Friday, January 27, 2006

One City, One School, One World?

I was just reading "Saint Anothony and the Chicken Poop", a great essay about the lost art of storytelling in the sciences. I came across this essay while tripping through the internet, researching some questions I have about the Charlotte Mason Method of education, which I use in homeschooling my children. Finding the essay was a pleasant surprise because, though the author probably doesn't know the obscure 19th century English educator, his beliefs about using storytelling in the sciences fits in perfectly with Miss Mason's beliefs and underscored for me the importance of what I am doing. It is a shame that I had to refer to Miss Mason as an "obscure" educator, because really she shouldn't be. Her methods are experiencing a renaissance in the homeschool community, but I think if you mentioned her name to your average public school teacher, you would be met with a blank stare.

OK, public school. And now here is what I really want to talk about, Omaha's "One City One School" fight. My take on it is this: we have a large, mediocre school district that wants to take over a smaller, better school district in the name of social equity (and a higher tax base). That's all well and good but I'm still scratching my head trying to figure out how the kids in the poor, underperforming OPS schools will be better off after the take over. I guess it will be better because everyone will have an equally bad education and equality is what it is all about, right? Money is not the answer for improving education. Our per capita spending on education has continued to increase exponentially over the past few generations and educational outcomes have continued to decrease.

I have a novel idea, for OPS. Why don't they fire a few administrators (which I think to myself every time I drive by their huge administrative building), drop the NEA's communist manifesto and concentrate on teaching! Nothing makes me hotter under the collar than the NEA. They are categorically opposed to any system of school choice in the form of vouchers, hate homeschooling and want control of my kids from birth, yes birth, through graduation.

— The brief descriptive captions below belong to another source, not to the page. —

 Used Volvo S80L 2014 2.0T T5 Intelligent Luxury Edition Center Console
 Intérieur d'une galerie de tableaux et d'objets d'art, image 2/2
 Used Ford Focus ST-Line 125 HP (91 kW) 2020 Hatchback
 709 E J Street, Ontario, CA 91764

If OPS really wants to improve their schools they could chop the district up into smaller pieces, making "neighborhood" districts where the parents and the teachers (non-union preferably) call the shots. I am in the midst of a love affair with nineteenth century education and that is after all, how it was done then. Small communities and churches were in charge of education and they did a lovely job! Yes, I know many children dropped out after grade school to work their parents' land, but let's be honest, a grade school education in the late eighteen hundreds was more than equivalent to our high school education now. Really, take a look at some McGuffy Readers or other textbooks of the day. Before compulsory education and mammoth school districts we had a very high literacy rate.

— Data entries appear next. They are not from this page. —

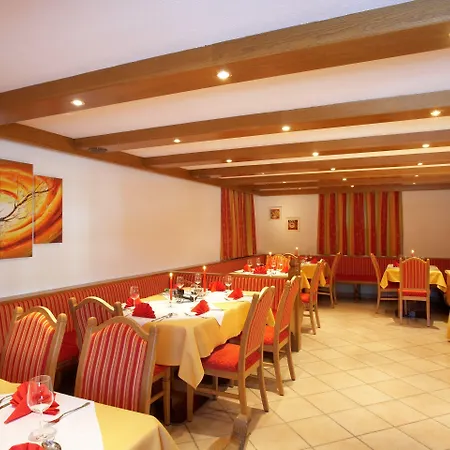 Отель Gaestehaus Am Graben 3*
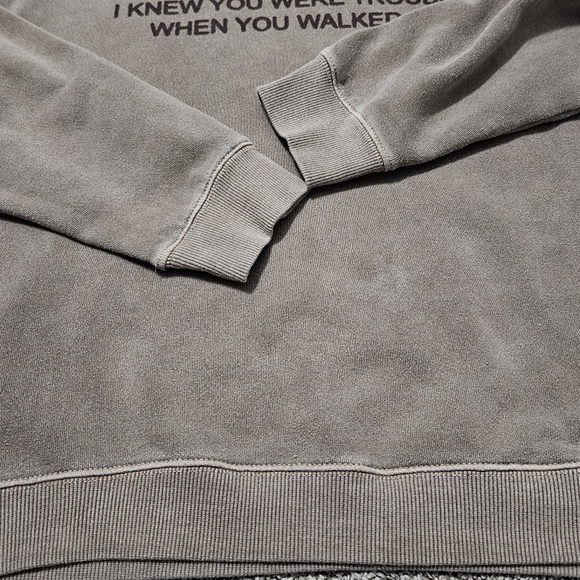 RED (Taylor's Version) Urban Outfitters Crewneck - Picture 5 of 16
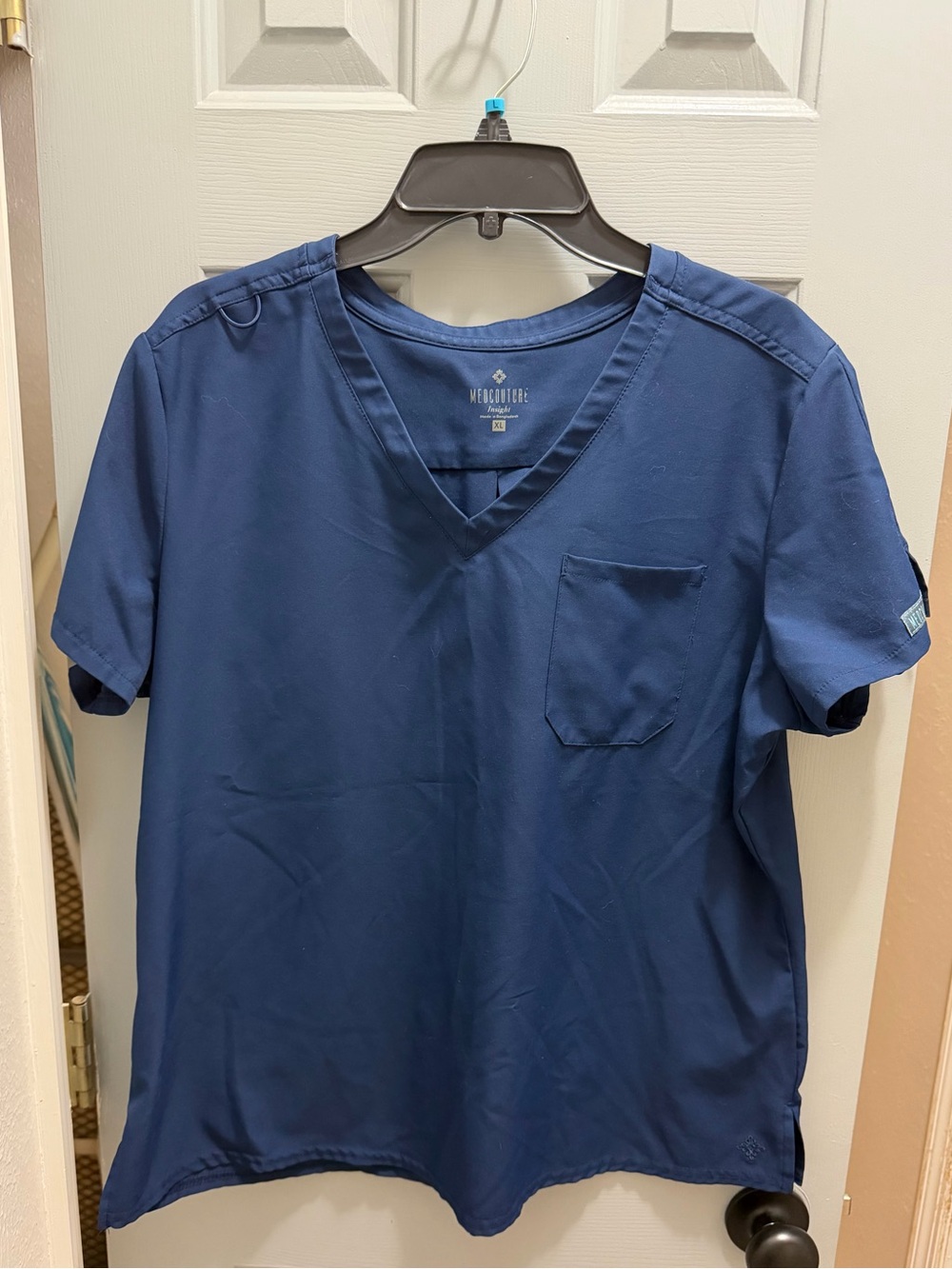 Med Couture Insight V-Neck 2-Pocket Polyester XL Navy Short Sleeve Shirt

If you take the time to wade through the NEA's platform and poke around on their website you will find that they are concerned with a lot more than education. Their platform, in fact, sounds like a Miss America contestant on crack... world peace, non-nuclear proliferation, birth control and justice for all. While I'm not gung-ho on nuclear proliferation, I do think that problem is better dealt with in another arena. Carl Marx in his Communist Manifesto advocated a state run, compulsory educational system as necessary for a communist takeover. I do see more than a few shades of socialism (socialism is the necessary step before communism) in the NEA's platform and I don't think it's a far reach to make the connection between the One City, One School and a One World socialist mind set. Wake up parents! Our schools are very broken and we need to throw it out and start again. One City, One School is not the answer.